Best Advice When Going or Speaking at a Conference

A few weeks ago, I had the opportunity to share some of my experience in conference speaking.  Warning, unintended braggadocio statements to follow.  Between 1999 and 2007, I took the opportunity to share information and research about a specific technology.  In my case, this was Metadata which is basically data about data.  Over the years, I did about 41 speeches and some I actually got paid for.  The travel opportunities took my wife to places we would never have gone by ourselves.  Anyway, this group asked me to give them some advice on things I learned along the way.  Not wanting to give the same advice you could get from a Toastmasters meeting or the Interweb, I keep my comments to just five items.  I’ll save four of them for later but I will share the final piece of advice here.

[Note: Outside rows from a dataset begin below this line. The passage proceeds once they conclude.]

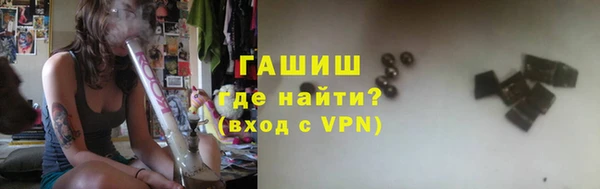 кокаин Пестово
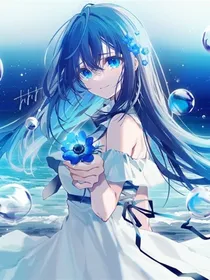 魔法少女蓝雨
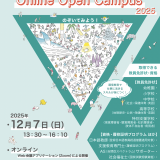 【特別体験授業！】2025オンラインオープンキャンパスの詳細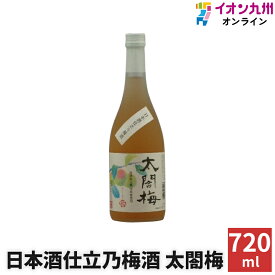 日本酒 梅酒 日本酒仕立乃梅酒太閤梅 11度 720ml 鳴滝酒造 酒 ロック ソーダ割り お湯割り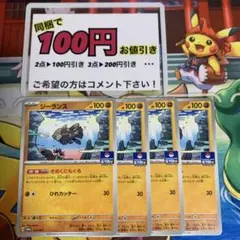 ポケモンカード ジーランス ジムプロモ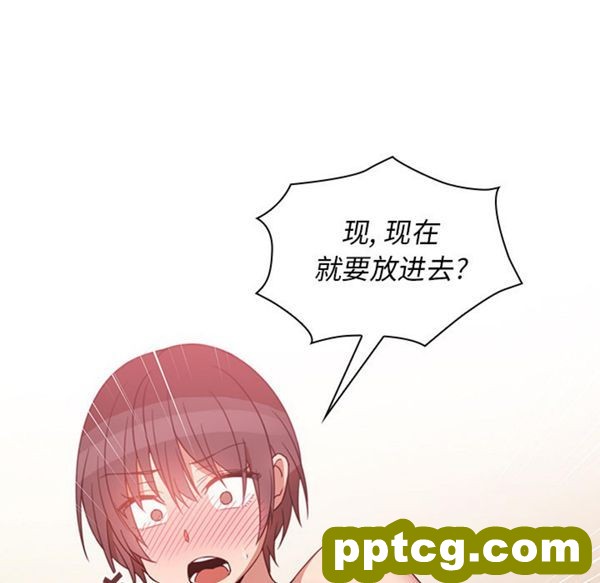 第19话_邻家三姐妹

One of the things I noticed when I went to these conferences is that people travel in packs.  You see the same people from the same company eating breakfast, lunch, and dinner.  Usually this group pairs off into the different sessions but at break time, the pack forms again.  They each carry a sign that says don’t talk to us and stay away.  The funniest is when they take selfies to share with folks back at the office and in the background are the same people that went with them.  Why?  Does the manager, say now be sure to take this opportunity to get to know your co-workers?  Well, yes that is what happens.  Of course, we also hang out with people we know because strangers make us uncomfortable.  This can be the worst possible thing you can do, especially if you are a speaker and hope to have repeat performances.

My simply advice is to meet people.  Meet the people in your session before and after your speech.  Meet people at the lunch table and during the breaks.  Yea, we know.  Networking is good for us.  I thought you were going to share something of value in this post.  Hang on…  In my first couple of speeches, when I was terrible and spoke like a Baptist Preacher throwing hell fire and brimstone.  I met a few folks.  Here is a short list and the impact they had on my short speaking career.

  • I met the CEO of Boing at a lunch table.  Within 8 months, I was speaking in front of his Executives at an Executive LwD.  Not to mention a job offer.
  • I met the European counterpart to the conference organizer at my night session.  Within 12 months, I had offers to come to England, France, and Germany.
  • I met the same type person but was from Australia.  Within a couple of years, I would be flying to Sydney all expenses paid.
  • I met a nice lady who seemed very unassuming but had a few kind words to say.  With a year, I would be writing a monthly column for the industry magazine.  She turned out to be the editor.

I could go on but you get the picture.  Hanging out with your coworkers may help you back at the office but if you want to really succeed drop them at the cookie line and start networking.